*** Opening RECORDS TO USE ***
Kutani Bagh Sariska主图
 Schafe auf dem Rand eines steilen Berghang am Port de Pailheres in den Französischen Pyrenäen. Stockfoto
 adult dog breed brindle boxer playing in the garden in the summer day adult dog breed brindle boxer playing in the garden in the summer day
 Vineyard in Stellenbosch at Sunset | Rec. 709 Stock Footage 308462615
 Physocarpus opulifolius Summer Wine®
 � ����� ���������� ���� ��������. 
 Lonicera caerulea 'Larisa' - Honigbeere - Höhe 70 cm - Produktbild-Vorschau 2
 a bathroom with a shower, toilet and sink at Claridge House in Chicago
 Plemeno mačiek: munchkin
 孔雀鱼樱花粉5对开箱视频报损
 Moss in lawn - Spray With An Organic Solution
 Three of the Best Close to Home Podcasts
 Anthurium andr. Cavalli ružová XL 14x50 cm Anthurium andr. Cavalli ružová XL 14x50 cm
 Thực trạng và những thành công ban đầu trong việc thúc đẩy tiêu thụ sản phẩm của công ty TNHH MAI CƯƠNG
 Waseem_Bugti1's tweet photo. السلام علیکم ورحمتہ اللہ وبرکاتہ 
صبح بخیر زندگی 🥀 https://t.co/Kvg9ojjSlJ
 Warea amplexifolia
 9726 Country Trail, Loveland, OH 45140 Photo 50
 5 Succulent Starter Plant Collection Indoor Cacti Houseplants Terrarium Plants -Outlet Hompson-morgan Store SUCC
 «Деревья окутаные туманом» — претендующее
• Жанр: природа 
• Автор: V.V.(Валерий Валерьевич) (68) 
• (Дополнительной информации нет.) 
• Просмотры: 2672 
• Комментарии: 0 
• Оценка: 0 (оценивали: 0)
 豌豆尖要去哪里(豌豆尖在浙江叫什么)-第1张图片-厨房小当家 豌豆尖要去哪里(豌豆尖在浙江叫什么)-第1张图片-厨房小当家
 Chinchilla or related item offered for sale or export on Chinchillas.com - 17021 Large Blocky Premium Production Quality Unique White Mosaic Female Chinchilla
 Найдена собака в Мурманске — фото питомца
*** Closing RECORDS TO USE ***
● **WHAT TO DO**: All lines from the one containing "Chinchilla or related" through the last line of the data, both included, are to be retyped exactly, and no other line belongs in the answer.

● **WRITTEN RESPONSE**:
 Chinchilla or related item offered for sale or export on Chinchillas.com - 17021 Large Blocky Premium Production Quality Unique White Mosaic Female Chinchilla
 Найдена собака в Мурманске — фото питомца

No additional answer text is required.